New ICANN CEO Promises More Transparency And BalancePublished on 12 October 2012 @ 10:08 pm
Intellectual Property Watch
By Monika Ermert for Intellectual Property Watch
The new CEO of the Internet Corporation for Assigned Names and Numbers (ICANN), Fadi Chehadé, today announced a new structure to enhance transparency, visibility and balance of the private net managing body to be presented on the official opening day of the Toronto meeting.
Chehadé, who took over 40 days ago, spoke at a 12 October pre-conference of the ICANN Non-Commercial User Constituency (NCUC) and did not hold back criticism of ICANN. A “disfunctional relationship” between ICANN board and staff, a “culture of fear” at the staff level (a fear of making mistakes and being hold responsible) and most importantly, several layers of imbalances, are things he has already started to tackle, he said.
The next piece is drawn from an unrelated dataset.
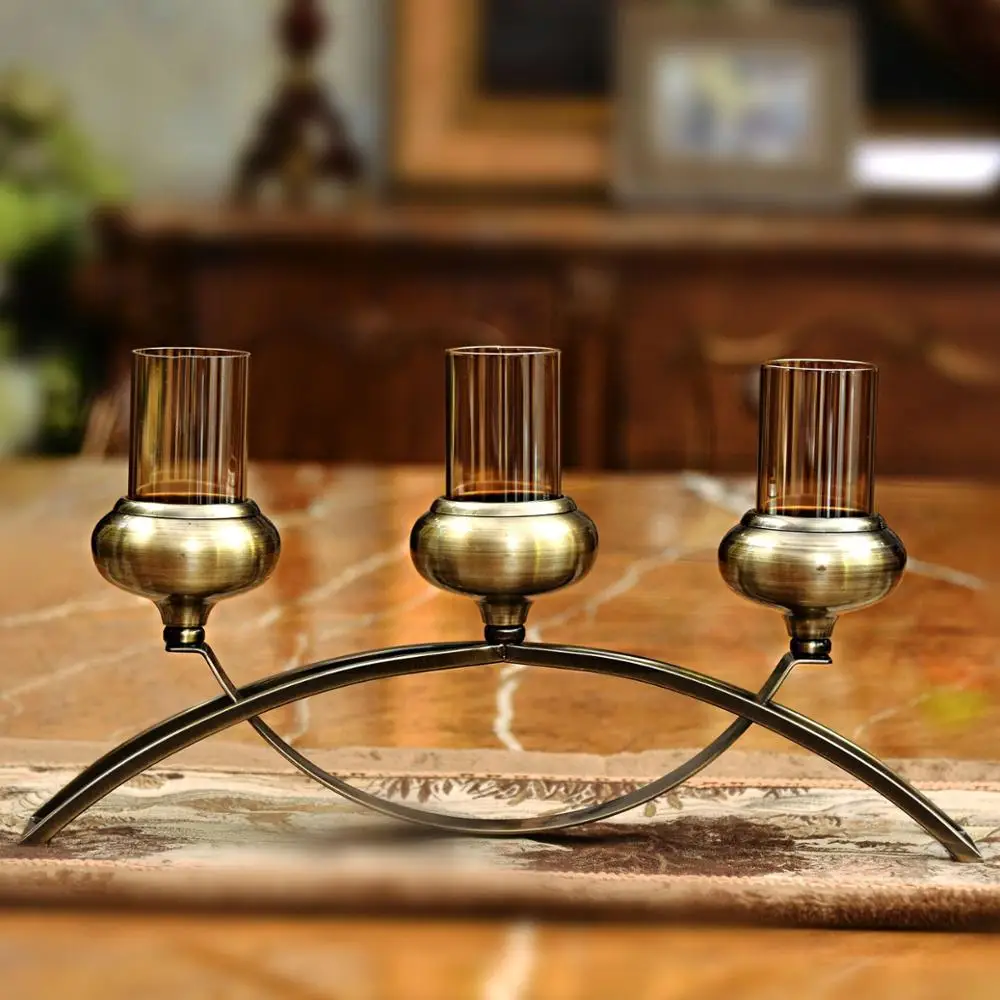 Iron three Candlestick, European style crystal glass, metal handicraft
Not only there is an imbalance between English-language and non-English-language speakers, which is the result of where ICANN came from, but also there is still some work ahead to create a multi-equal-stakeholder playing field.
“It is not one government above the others, or governments above us or one group above the other groups,” Chehadé said emphatically. The first people he would meet when going to a new city, he said, would be “not the people in the fancy suits” but the at-large internet community.
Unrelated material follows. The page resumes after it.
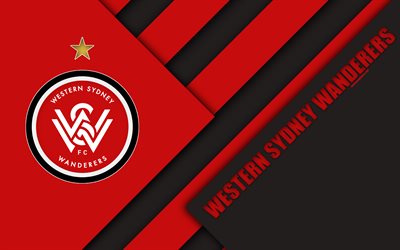 Western Sydney Wanderers FC, 4k, Australian Football Club, material design, logo, red black abstraction, A-League, Sydney, Australia, emblem, football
A shifting, and more important role of the broader internet community and users at large was also the topic of the NCUC pre-conference on “ICANN & Internet Governance: Security and Freedom in a Connected World.” Ron Deibert from Citizen Lab challenged the community to take up their role in protecting the internet, in a decentralised, classical internet way, against rising security threats – and not leave that task to the states that in fact are trying to roll back civil rights.
The NCUC Toronto conference, sponsored by the Brazilian Internet Steering Committee, also talked about the “hot potato” new Registrar Accreditation Agreement in which law enforcement from some countries want to have Whois data retention provisions, objections and potential censorship of new top-level domain (TLD) applications by governments and the debate about the World Conference on International Telecommuncation (WCIT), all of which will be discussed during the 14-18 October ICANN 45 meeting.